With two-outs in the ninth and down by one run, Jeff Mathis laced a double, scored the tying run on a pinch-hit single from Daniel Descalso, and then Chris Owings delivered the walk-off single.
If Goldschmidt talked about the need to remain on task each night, others pointed out to the character displayed. Center-fielder A. J. Pollock returned to the lineup with a vengeance and went 3-for-5, including a two-run off of Bumgarner in the sixth to deadlock this game at 3-3. Later, Pollock scored the tying the run in the eighth and singled in front of the game-winner from Owings.
For his part, Pollock seemed to buy into “the temperament dialog,” and indicated to Venom Strikes that the marathon only just began.
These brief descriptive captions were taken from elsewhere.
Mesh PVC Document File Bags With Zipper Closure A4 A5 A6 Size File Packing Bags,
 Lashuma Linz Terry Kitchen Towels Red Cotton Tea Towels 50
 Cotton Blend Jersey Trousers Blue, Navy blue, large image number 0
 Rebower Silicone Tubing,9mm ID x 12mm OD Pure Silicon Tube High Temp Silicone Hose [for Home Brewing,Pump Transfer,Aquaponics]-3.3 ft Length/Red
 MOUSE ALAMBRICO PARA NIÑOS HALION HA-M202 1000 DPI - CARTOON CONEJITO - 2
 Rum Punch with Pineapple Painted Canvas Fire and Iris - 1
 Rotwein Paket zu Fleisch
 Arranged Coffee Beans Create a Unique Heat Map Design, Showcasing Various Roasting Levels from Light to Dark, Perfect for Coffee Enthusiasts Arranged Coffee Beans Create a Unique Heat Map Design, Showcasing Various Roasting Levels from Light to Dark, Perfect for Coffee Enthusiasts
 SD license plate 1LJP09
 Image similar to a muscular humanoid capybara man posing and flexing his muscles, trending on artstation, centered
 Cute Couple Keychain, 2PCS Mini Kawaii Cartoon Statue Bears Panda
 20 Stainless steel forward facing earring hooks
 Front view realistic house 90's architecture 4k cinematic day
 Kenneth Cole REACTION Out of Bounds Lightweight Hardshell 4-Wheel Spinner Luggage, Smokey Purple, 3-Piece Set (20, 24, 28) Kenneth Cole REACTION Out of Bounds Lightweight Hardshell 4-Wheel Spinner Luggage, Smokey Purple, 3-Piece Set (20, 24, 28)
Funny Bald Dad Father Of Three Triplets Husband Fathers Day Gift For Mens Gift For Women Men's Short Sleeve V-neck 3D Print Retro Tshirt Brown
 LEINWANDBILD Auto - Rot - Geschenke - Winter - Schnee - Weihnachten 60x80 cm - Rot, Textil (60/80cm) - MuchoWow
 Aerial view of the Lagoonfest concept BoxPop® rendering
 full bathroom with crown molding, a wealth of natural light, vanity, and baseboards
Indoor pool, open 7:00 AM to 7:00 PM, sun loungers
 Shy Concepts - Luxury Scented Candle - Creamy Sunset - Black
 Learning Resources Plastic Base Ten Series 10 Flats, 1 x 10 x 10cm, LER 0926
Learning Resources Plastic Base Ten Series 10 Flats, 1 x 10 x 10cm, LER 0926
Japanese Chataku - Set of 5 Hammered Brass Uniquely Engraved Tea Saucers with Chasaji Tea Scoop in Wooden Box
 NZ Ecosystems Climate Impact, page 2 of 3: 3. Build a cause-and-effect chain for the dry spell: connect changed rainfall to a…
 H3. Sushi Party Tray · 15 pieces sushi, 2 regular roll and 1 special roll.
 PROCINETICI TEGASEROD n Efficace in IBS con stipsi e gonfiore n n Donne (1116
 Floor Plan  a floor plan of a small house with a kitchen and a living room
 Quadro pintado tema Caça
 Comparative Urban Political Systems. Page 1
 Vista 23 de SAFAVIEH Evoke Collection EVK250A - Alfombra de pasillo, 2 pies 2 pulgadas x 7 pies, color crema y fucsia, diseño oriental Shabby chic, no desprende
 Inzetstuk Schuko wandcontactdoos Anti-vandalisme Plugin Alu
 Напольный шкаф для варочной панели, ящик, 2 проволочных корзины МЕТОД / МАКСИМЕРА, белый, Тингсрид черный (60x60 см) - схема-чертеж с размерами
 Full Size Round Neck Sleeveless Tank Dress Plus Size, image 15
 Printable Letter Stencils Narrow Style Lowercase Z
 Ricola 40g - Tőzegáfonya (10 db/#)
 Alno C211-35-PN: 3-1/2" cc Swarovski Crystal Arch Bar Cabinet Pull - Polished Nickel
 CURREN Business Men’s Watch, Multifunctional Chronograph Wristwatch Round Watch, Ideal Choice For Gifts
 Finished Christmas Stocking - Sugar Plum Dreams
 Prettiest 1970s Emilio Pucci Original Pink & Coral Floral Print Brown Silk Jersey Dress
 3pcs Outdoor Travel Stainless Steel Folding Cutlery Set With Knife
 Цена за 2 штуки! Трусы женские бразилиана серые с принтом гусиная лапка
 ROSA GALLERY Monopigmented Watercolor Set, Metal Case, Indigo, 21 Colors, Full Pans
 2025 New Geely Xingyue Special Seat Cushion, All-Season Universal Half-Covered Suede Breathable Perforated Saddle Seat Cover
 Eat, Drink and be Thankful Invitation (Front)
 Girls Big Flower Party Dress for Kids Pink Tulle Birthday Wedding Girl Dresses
"What we did showed character. It’s really tough to string those hits together, but as the game went along, we were super pumped. Look, this was only the first one, and now we have to get ready for the next one."
The win was the first for Lovullo as a full-time, major-league manager and lasting. With several family members at the ballpark from his native southern California and the way the Diamondbacks pulled this out, Lovullo told Venom Strikes the moment would linger.
"I’ll remember this one for the rest of my life. That includes the entire game and this could not have been constructed any other better. This win came from within the walls of the clubhouse and set the tone. This game was brick one in the foundation."
After an off-day Monday, the series with the San Francisco Giants continues Tuesday night. That’s when lefty Patrick Corbin (5-13, 5.15 for 24 starts) takes on righty Johnny Cueto (18-5, 2.79 ERA in 32 starts). For Wednesday night, look for right-hander Taijuan Walker (8-11, 3.60 ERA in 25 starts for Seattle) to start against lefty Matt Moore 6-5, 4.08 ERA in 12 starts for the Giants).
For the series finale on Thursday night, lefty Robbie Ray (8-15, 4.90 ERA for 32 starts) takes on right-hander Jeff Samardzija (11-13, 4.96 ERA in 32 starts).
Then, the Cleveland Indians move in for a three-game, weekend set.